● Directions for this task
Once the line with "10 Ledgemere Road" is found, write it out along with each later line exactly, through the end of the entries, skipping every picture.

● Supplied entries

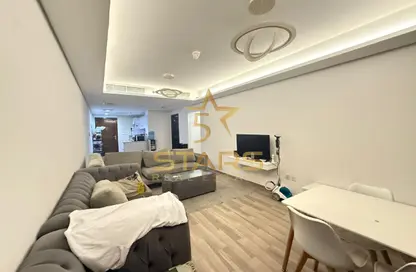 Apartment - 1 Bedroom - 1 Bathroom for sale in Laya Mansion - Jumeirah Village Circle - Dubai
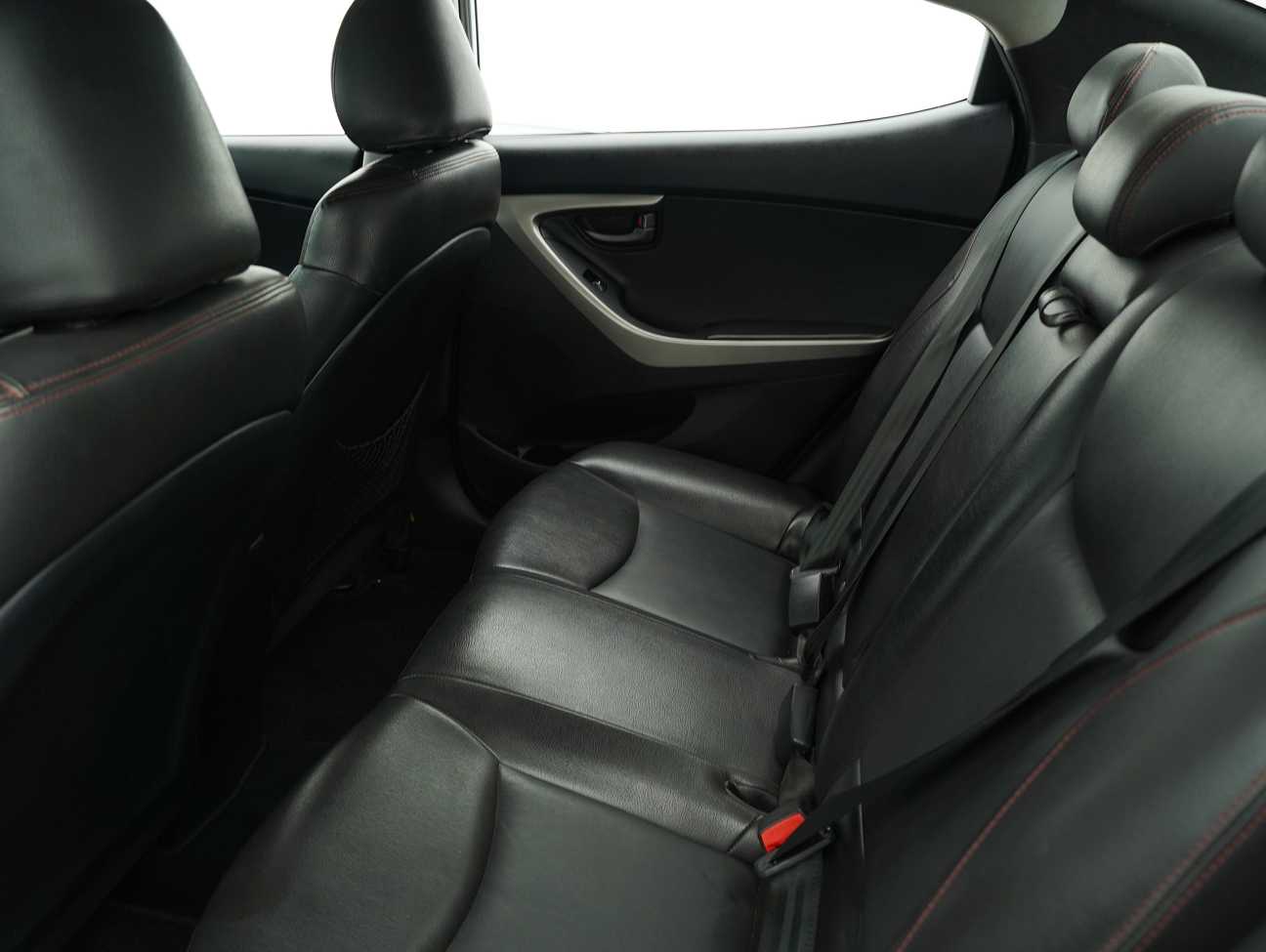 used 2014 Inokom ELANTRA  1.6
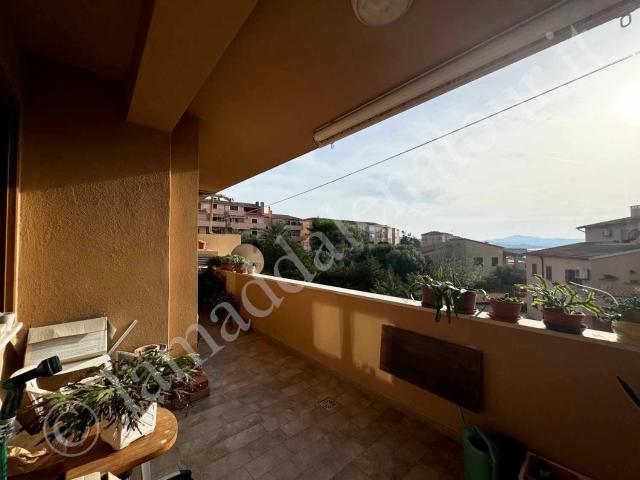 Appartamento in vendita a Barabò, La Maddalena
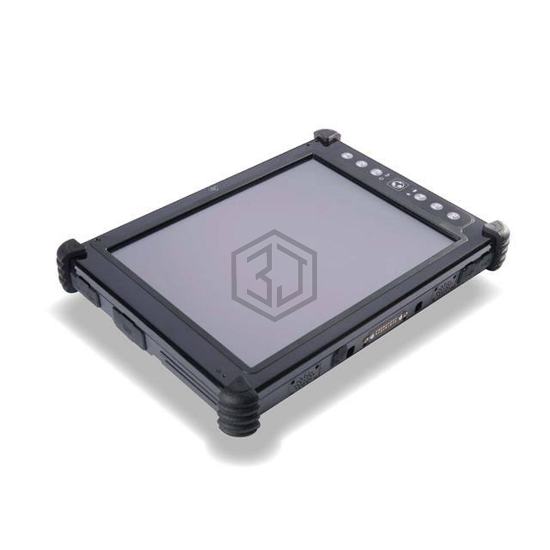 MTB-3097-IV-05 - Midas Touch, Inc. - Industrial PCs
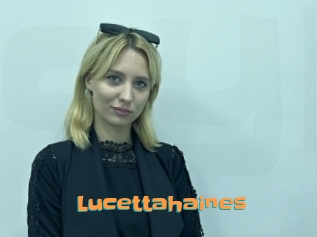 Lucettahaines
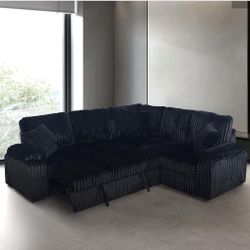 NEW SECTIONAL SOFA AND FREE DELIVERY 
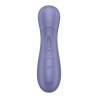 SATISFYER - PRO 2 GENERACIÓN 3 GRANATE BLUETOOTH and APP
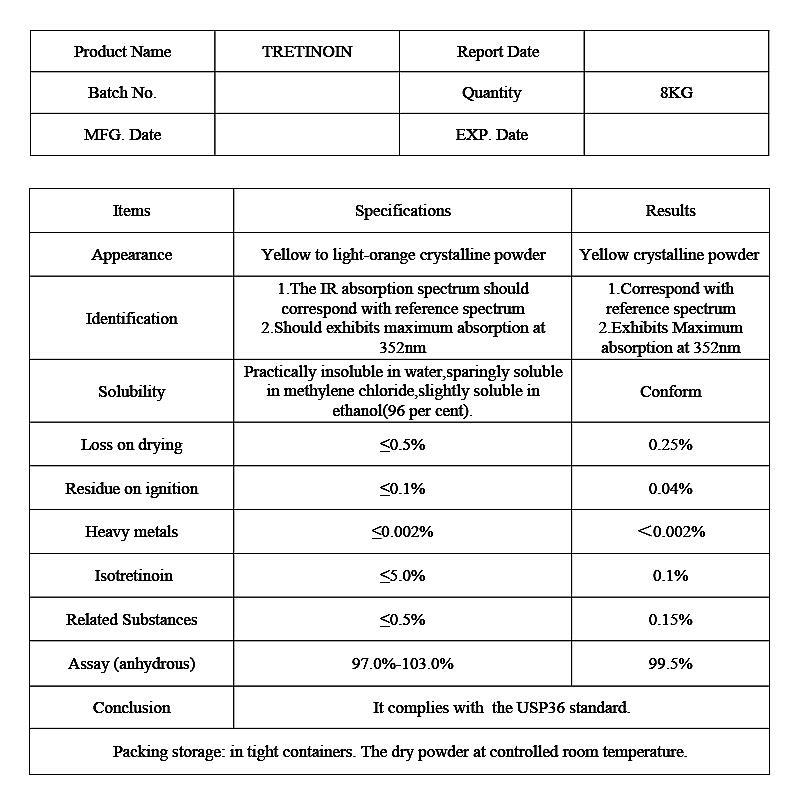 维生素A酸 维甲酸 维A酸.jpg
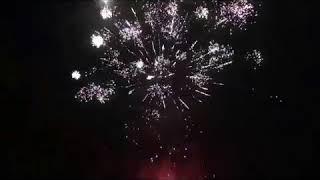 The Heist by Skycrafter at Jordans Fireworks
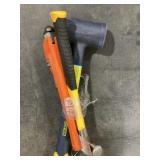 Mix Hand Tools x3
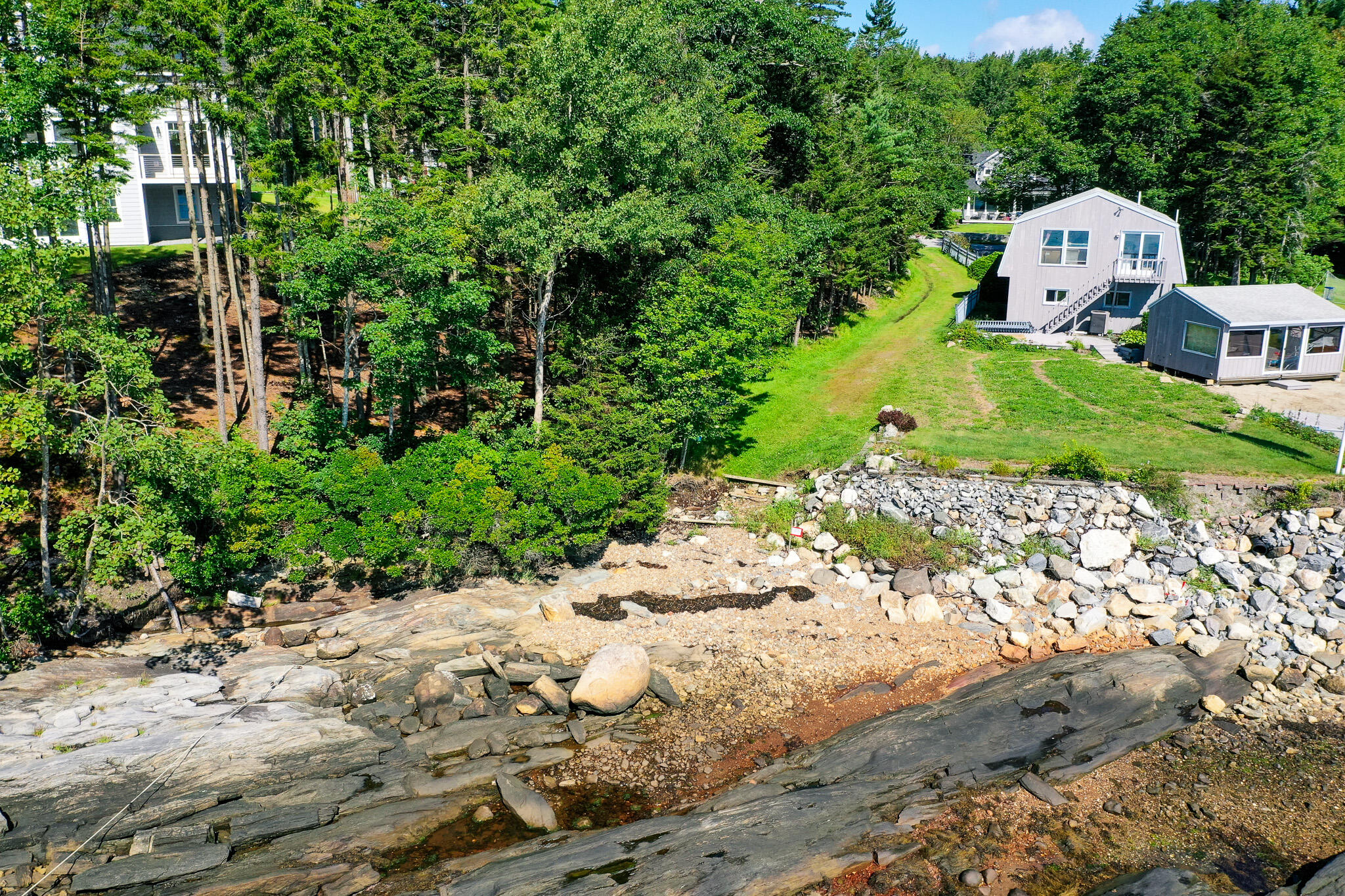 10 Ledgemere Road Orrs Island, ME 04066 - Photo 2 of 66 #22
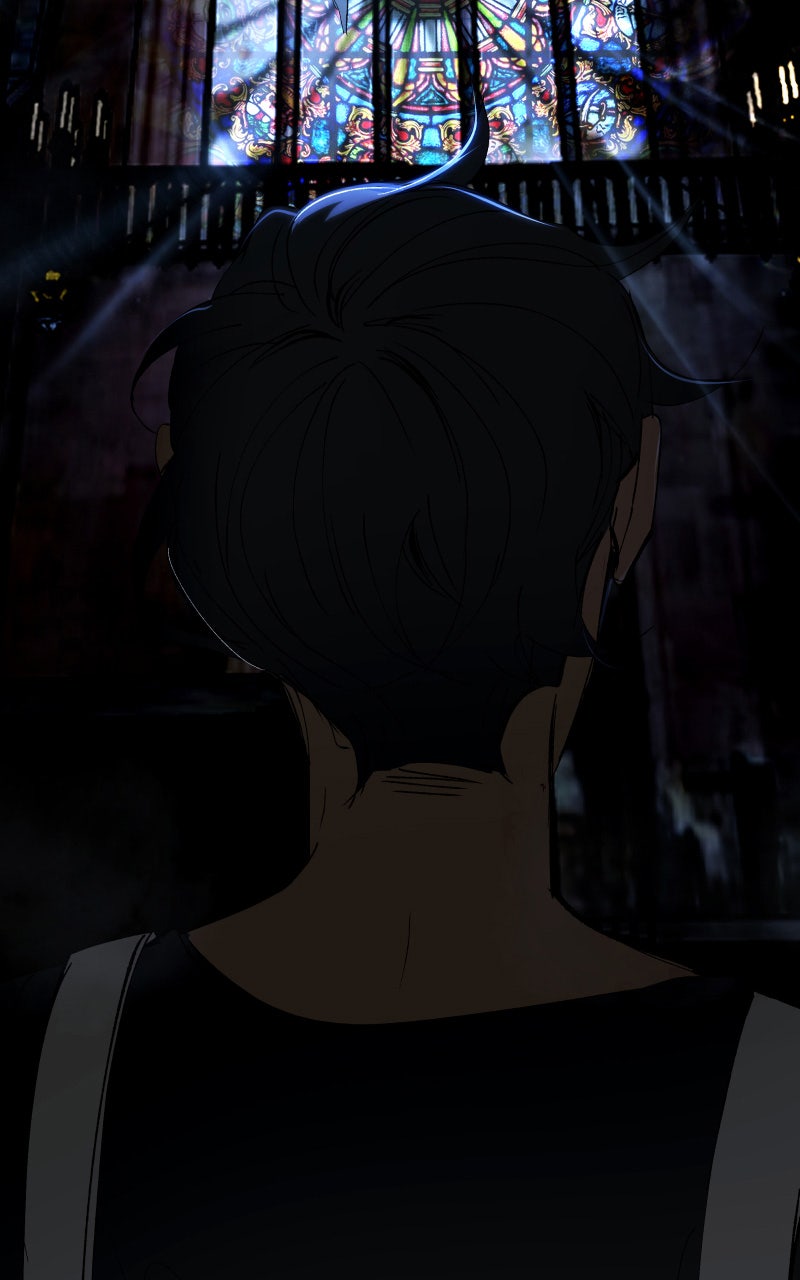 Read Die violette Hyazinthe Manga Online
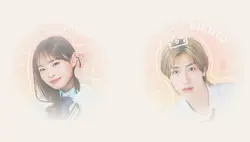 再会希望のペア※個人の意見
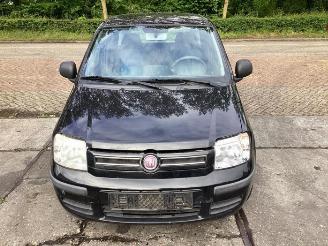Fiat Panda Panda (169), Hatchback, 2003 / 2013 1.2, Classic picture 6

● Response below
 10 Ledgemere Road Orrs Island, ME 04066 - Photo 2 of 66 #22
 Read Die violette Hyazinthe Manga Online
 再会希望のペア※個人の意見
Fiat Panda Panda (169), Hatchback, 2003 / 2013 1.2, Classic picture 6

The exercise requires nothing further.